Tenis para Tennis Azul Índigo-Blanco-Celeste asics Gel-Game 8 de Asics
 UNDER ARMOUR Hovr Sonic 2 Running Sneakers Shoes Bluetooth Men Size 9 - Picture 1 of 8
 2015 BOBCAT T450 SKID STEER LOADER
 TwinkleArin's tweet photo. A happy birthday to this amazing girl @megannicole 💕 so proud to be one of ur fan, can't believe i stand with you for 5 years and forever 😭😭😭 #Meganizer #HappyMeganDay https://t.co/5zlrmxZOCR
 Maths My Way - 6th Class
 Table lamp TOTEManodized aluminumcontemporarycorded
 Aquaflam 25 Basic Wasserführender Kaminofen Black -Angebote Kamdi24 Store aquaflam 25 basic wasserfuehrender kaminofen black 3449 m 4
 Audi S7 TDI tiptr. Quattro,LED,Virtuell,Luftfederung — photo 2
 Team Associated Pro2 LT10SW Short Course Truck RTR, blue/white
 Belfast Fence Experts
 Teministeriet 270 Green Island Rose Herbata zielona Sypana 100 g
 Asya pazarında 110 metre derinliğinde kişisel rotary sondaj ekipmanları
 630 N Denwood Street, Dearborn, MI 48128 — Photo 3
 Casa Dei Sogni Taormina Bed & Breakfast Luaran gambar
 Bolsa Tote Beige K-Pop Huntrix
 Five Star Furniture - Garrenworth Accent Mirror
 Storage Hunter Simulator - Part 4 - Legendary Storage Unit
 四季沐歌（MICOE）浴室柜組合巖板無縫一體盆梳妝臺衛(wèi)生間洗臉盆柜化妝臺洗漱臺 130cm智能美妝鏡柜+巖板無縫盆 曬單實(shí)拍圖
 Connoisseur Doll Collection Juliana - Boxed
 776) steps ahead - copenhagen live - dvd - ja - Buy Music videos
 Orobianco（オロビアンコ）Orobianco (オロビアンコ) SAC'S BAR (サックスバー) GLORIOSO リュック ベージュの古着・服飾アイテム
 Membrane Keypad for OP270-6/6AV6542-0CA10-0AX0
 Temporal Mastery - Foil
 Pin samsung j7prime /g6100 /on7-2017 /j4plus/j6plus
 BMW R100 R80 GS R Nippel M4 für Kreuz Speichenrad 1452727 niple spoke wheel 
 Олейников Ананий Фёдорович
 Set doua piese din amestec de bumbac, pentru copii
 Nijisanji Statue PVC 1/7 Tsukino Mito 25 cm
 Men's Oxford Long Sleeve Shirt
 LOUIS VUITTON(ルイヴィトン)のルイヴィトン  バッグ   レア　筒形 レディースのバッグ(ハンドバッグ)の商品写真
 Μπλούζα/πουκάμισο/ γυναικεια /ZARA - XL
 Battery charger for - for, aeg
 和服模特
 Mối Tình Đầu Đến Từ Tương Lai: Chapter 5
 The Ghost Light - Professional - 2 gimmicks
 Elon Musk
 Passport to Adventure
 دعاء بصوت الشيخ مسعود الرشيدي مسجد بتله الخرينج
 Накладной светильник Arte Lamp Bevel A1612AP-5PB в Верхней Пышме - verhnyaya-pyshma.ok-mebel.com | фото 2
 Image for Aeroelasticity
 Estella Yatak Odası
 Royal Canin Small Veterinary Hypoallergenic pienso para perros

★ ★ ★ ★

:: About this exercise ::
Print every entry from the material exactly.

:: Answer to the exercise ::
Tenis para Tennis Azul Índigo-Blanco-Celeste asics Gel-Game 8 de Asics
 UNDER ARMOUR Hovr Sonic 2 Running Sneakers Shoes Bluetooth Men Size 9 - Picture 1 of 8
 2015 BOBCAT T450 SKID STEER LOADER
 TwinkleArin's tweet photo. A happy birthday to this amazing girl @megannicole 💕 so proud to be one of ur fan, can't believe i stand with you for 5 years and forever 😭😭😭 #Meganizer #HappyMeganDay https://t.co/5zlrmxZOCR
 Maths My Way - 6th Class
 Table lamp TOTEManodized aluminumcontemporarycorded
 Aquaflam 25 Basic Wasserführender Kaminofen Black -Angebote Kamdi24 Store aquaflam 25 basic wasserfuehrender kaminofen black 3449 m 4
 Audi S7 TDI tiptr. Quattro,LED,Virtuell,Luftfederung — photo 2
 Team Associated Pro2 LT10SW Short Course Truck RTR, blue/white
 Belfast Fence Experts
 Teministeriet 270 Green Island Rose Herbata zielona Sypana 100 g
 Asya pazarında 110 metre derinliğinde kişisel rotary sondaj ekipmanları
 630 N Denwood Street, Dearborn, MI 48128 — Photo 3
 Casa Dei Sogni Taormina Bed & Breakfast Luaran gambar
 Bolsa Tote Beige K-Pop Huntrix
 Five Star Furniture - Garrenworth Accent Mirror
 Storage Hunter Simulator - Part 4 - Legendary Storage Unit
 四季沐歌（MICOE）浴室柜組合巖板無縫一體盆梳妝臺衛(wèi)生間洗臉盆柜化妝臺洗漱臺 130cm智能美妝鏡柜+巖板無縫盆 曬單實(shí)拍圖
 Connoisseur Doll Collection Juliana - Boxed
 776) steps ahead - copenhagen live - dvd - ja - Buy Music videos
 Orobianco（オロビアンコ）Orobianco (オロビアンコ) SAC'S BAR (サックスバー) GLORIOSO リュック ベージュの古着・服飾アイテム
 Membrane Keypad for OP270-6/6AV6542-0CA10-0AX0
 Temporal Mastery - Foil
 Pin samsung j7prime /g6100 /on7-2017 /j4plus/j6plus
 BMW R100 R80 GS R Nippel M4 für Kreuz Speichenrad 1452727 niple spoke wheel 
 Олейников Ананий Фёдорович
 Set doua piese din amestec de bumbac, pentru copii
 Nijisanji Statue PVC 1/7 Tsukino Mito 25 cm
 Men's Oxford Long Sleeve Shirt
 LOUIS VUITTON(ルイヴィトン)のルイヴィトン  バッグ   レア　筒形 レディースのバッグ(ハンドバッグ)の商品写真
 Μπλούζα/πουκάμισο/ γυναικεια /ZARA - XL
 Battery charger for - for, aeg
 和服模特
 Mối Tình Đầu Đến Từ Tương Lai: Chapter 5
 The Ghost Light - Professional - 2 gimmicks
 Elon Musk
 Passport to Adventure
 دعاء بصوت الشيخ مسعود الرشيدي مسجد بتله الخرينج
 Накладной светильник Arte Lamp Bevel A1612AP-5PB в Верхней Пышме - verhnyaya-pyshma.ok-mebel.com | фото 2
 Image for Aeroelasticity
 Estella Yatak Odası
 Royal Canin Small Veterinary Hypoallergenic pienso para perros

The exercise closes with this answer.